If you can dig up a copy of the 1962 book "Space Medicine" by U. Slager, it's really interesting. It makes you realize how many questions they needed to answer experimentally before going into space. For example, how much acceleration can someone withstand. How much vibration and tumbling. Minimum and maximum survivable temperatures. How long can you be exposed to a vacuum. This was the era of putting people on rocket sleds to see what happens ( http://en.wikipedia.org/wiki/John_Stapp ). My favorite factoid from that book is that guppies can tolerate 10000G for 30 sec. It also describes a guy who survived 482 degrees F for 4 minutes.
I messed up °F/°C and it was "only" 250°F. I don't have the book "Space Medicine" available, but I found a different reference† explaining that it was Dr.

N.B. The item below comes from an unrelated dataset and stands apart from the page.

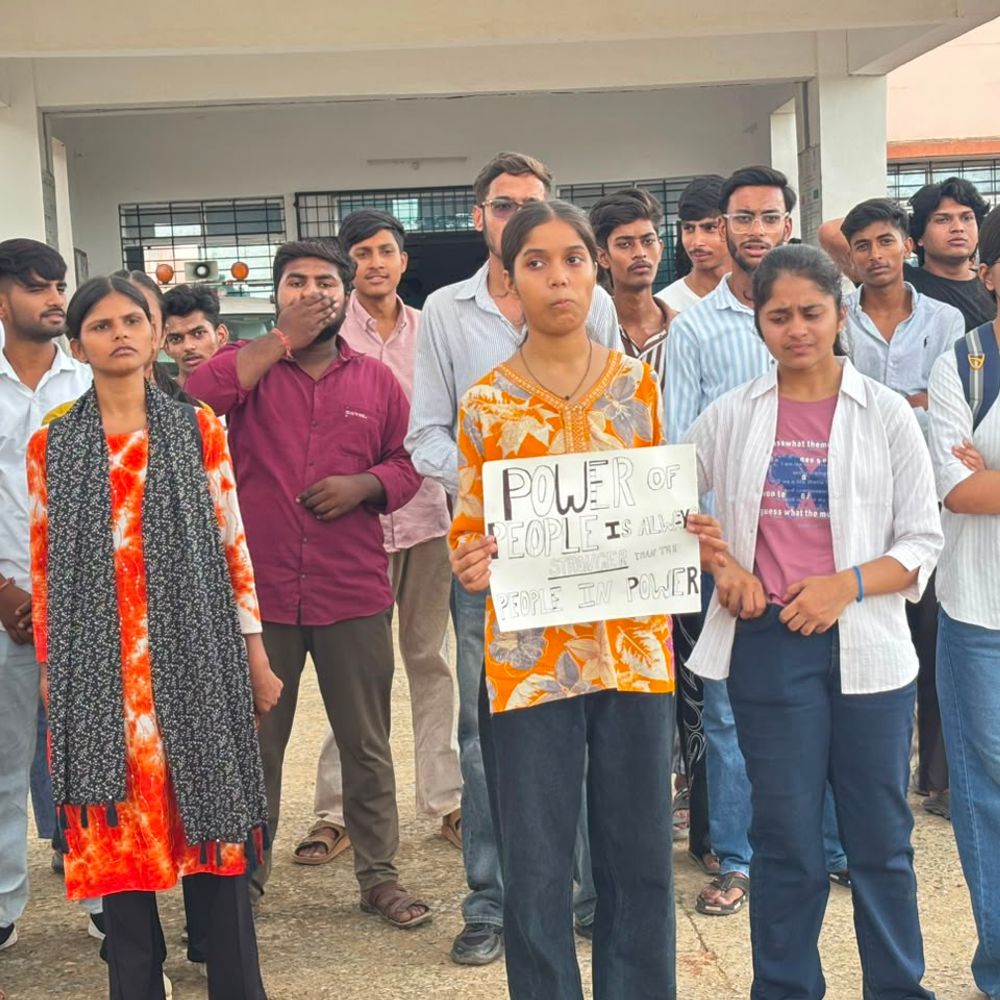 
                 मैहर में छात्रों का एक किलोमीटर तक पैदल मार्च:शिक्षा में सुधार की मांग; छात्रों ने कलेक्ट्रेट पहुंचकर सौंपा ज्ञापन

Charles Blagden and other researchers in 1774 who went into a room heated above 250°F and cooked steak and eggs in there, proving the importance of perspiration in maintaining body temperature. It has to be dry heat; if there is humidity, the tolerable temperature is much lower. The original paper ‡ is also online; in order to read it, note that "ſ" is a "long s", not a "f".
For people of the world, that's about 121°C. BTW, I've been in a sauna in Sweden where the thermometer displayed 100°C. The women sauna, according to my mother, was only 96°C.